=== Begin Enclosure ===

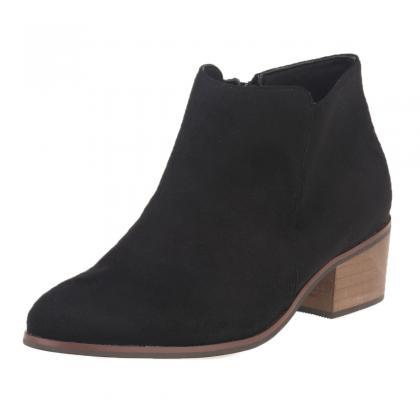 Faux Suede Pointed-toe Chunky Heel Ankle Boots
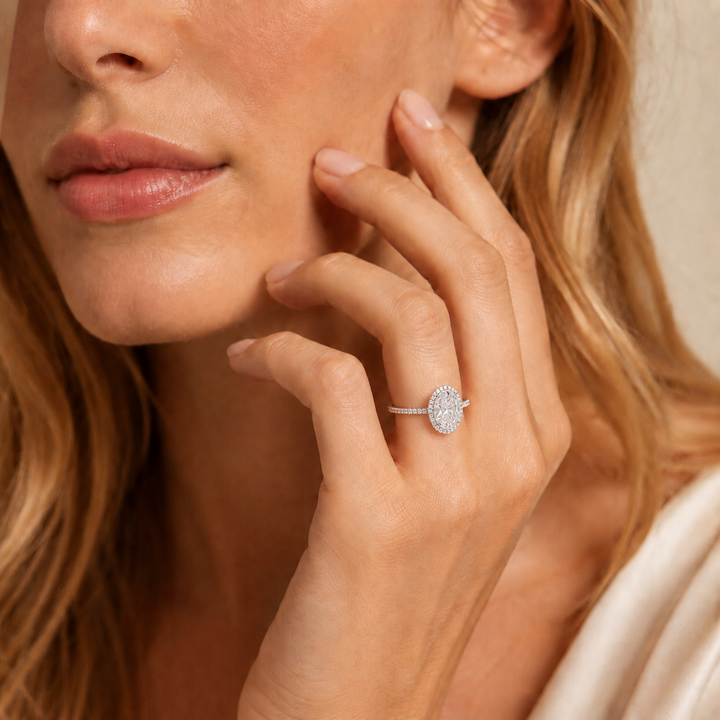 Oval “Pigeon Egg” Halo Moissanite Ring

=== End Enclosure ===
=== Begin Enclosure ===

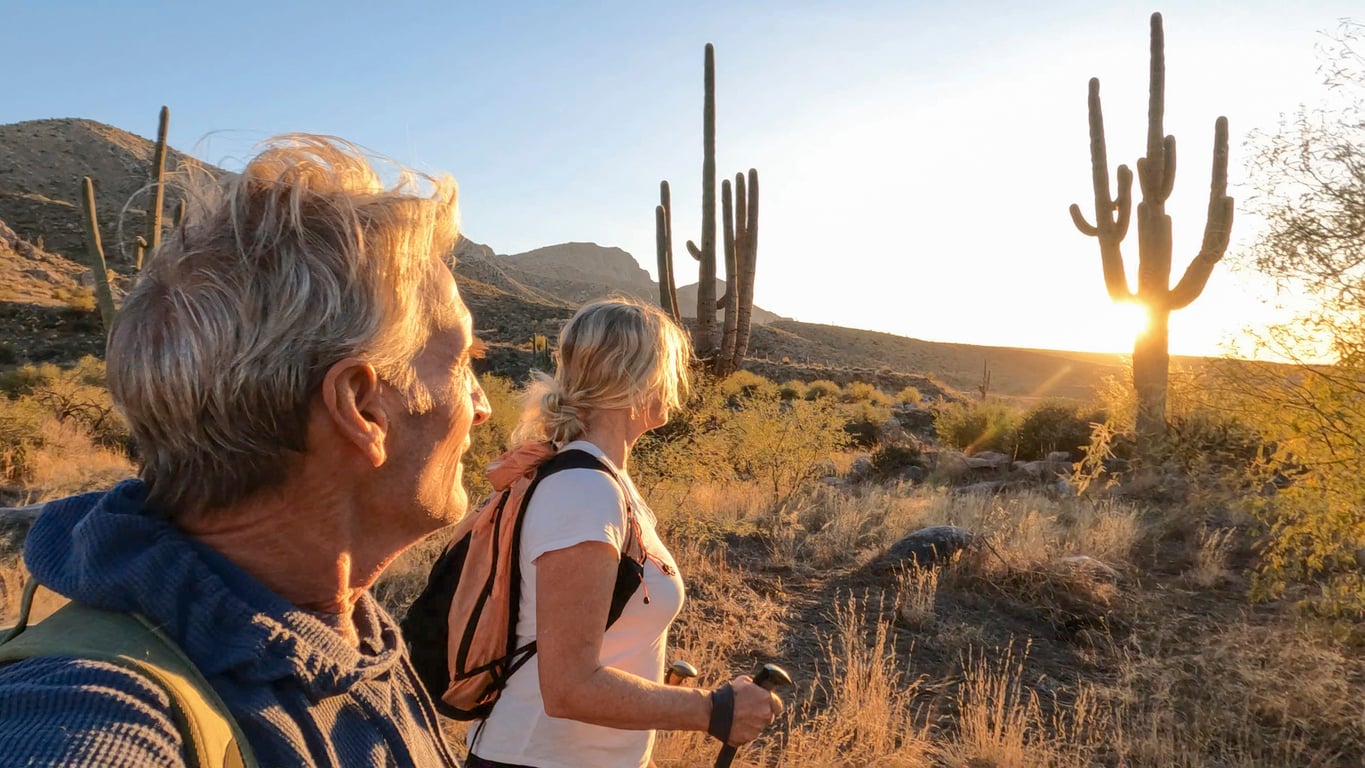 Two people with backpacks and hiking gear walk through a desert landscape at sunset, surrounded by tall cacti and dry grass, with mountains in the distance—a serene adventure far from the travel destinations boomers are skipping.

=== End Enclosure ===
=== Begin Enclosure ===

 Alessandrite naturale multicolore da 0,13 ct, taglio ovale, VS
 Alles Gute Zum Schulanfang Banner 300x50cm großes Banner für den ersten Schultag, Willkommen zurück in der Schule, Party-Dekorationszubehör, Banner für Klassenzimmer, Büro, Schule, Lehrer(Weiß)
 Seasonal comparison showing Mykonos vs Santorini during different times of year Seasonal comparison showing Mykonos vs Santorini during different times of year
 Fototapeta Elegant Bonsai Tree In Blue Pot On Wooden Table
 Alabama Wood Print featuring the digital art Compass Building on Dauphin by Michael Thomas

=== End Enclosure ===

◆ TASK PROMPT: Within the listing above, extract exactly the lines from the line with "of year Seasonal" to the line with "Alabama Wood Print", the two named lines included, and no others.

◆ SOLUTION TO THIS PROBLEM:
 Seasonal comparison showing Mykonos vs Santorini during different times of year Seasonal comparison showing Mykonos vs Santorini during different times of year
 Fototapeta Elegant Bonsai Tree In Blue Pot On Wooden Table
 Alabama Wood Print featuring the digital art Compass Building on Dauphin by Michael Thomas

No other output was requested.